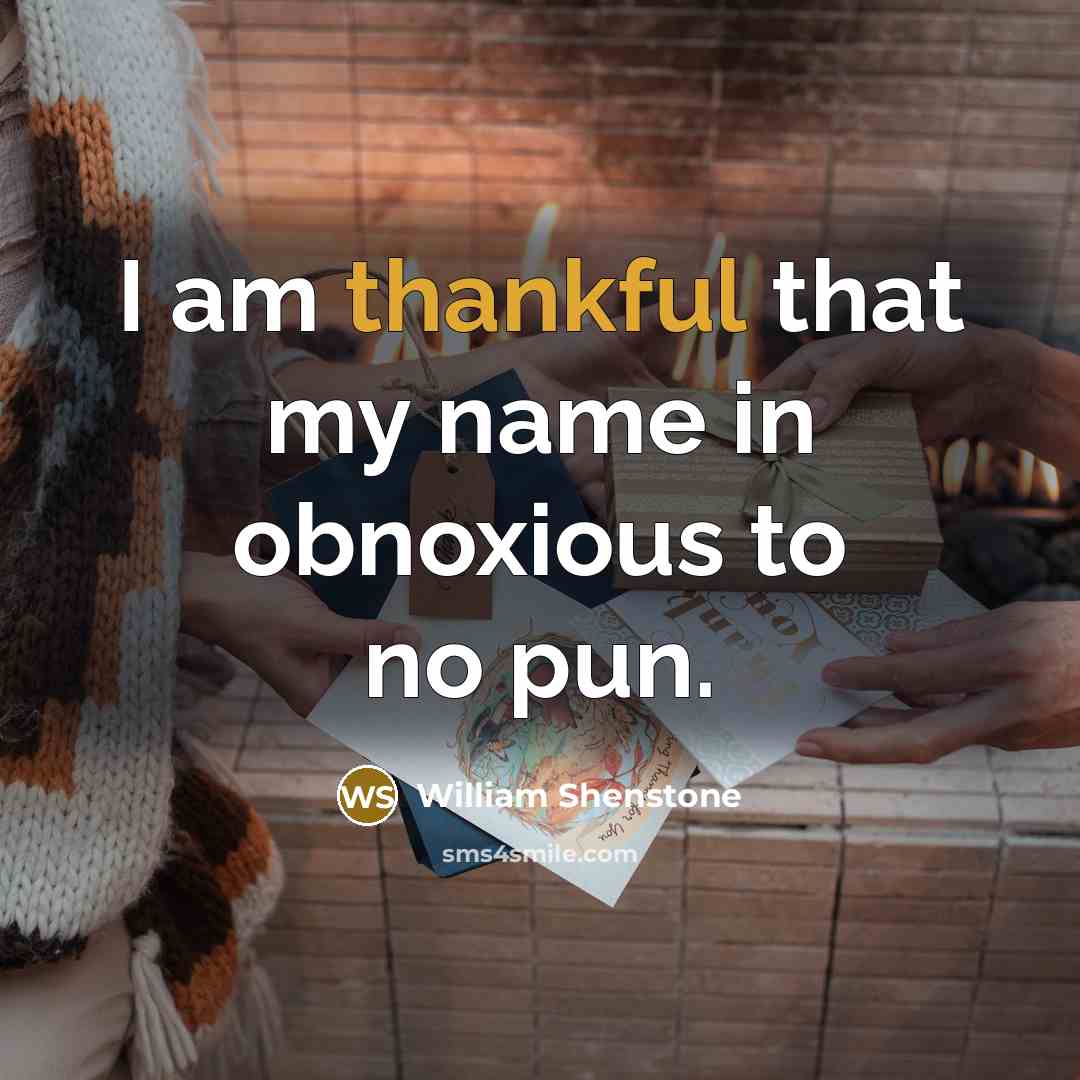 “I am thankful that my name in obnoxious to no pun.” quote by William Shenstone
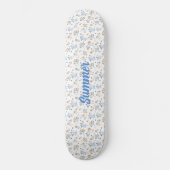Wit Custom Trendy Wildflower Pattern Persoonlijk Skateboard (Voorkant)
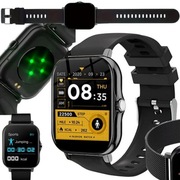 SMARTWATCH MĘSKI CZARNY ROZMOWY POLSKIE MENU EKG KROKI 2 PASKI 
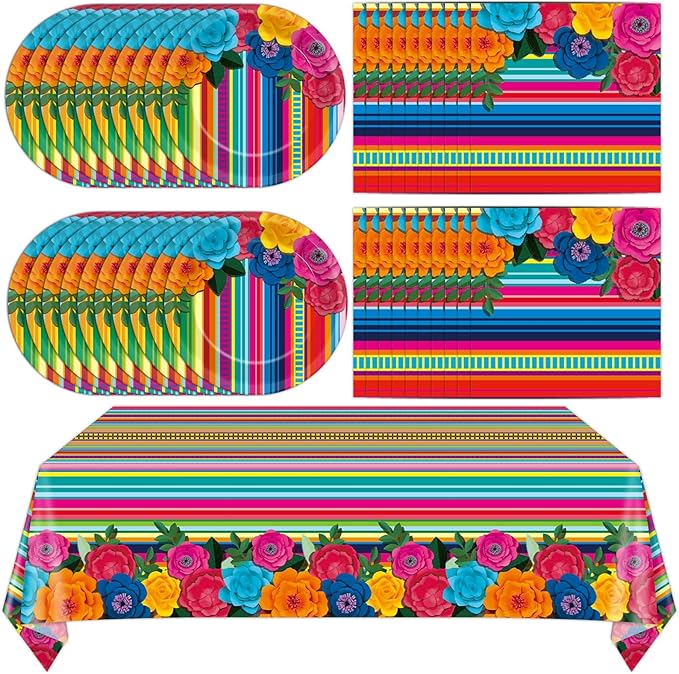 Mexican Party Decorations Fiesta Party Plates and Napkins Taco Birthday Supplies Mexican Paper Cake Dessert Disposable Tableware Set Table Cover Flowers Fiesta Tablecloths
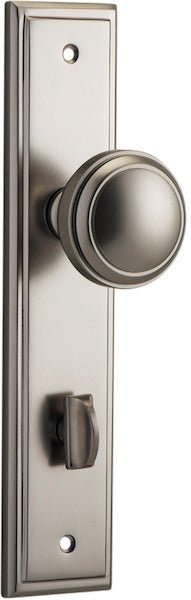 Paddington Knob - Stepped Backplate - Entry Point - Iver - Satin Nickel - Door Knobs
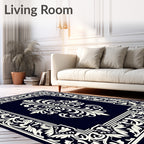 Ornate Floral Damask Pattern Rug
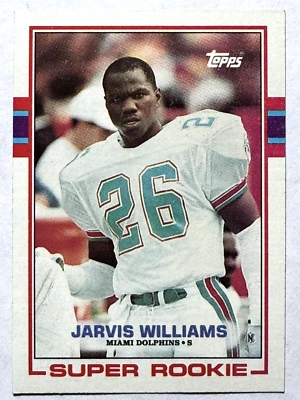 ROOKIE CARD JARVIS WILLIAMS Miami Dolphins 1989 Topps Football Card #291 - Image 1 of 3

════════

Restate every line of the listing exactly. Pictures are not part of the copy.

Task response:
 “I am thankful that my name in obnoxious to no pun.” quote by William Shenstone
Wit Custom Trendy Wildflower Pattern Persoonlijk Skateboard (Voorkant)
 SMARTWATCH MĘSKI CZARNY ROZMOWY POLSKIE MENU EKG KROKI 2 PASKI 
 Mexican Party Decorations Fiesta Party Plates and Napkins Taco Birthday Supplies Mexican Paper Cake Dessert Disposable Tableware Set Table Cover Flowers Fiesta Tablecloths
 Paddington Knob - Stepped Backplate - Entry Point - Iver - Satin Nickel - Door Knobs
 Ornate Floral Damask Pattern Rug
 ROOKIE CARD JARVIS WILLIAMS Miami Dolphins 1989 Topps Football Card #291 - Image 1 of 3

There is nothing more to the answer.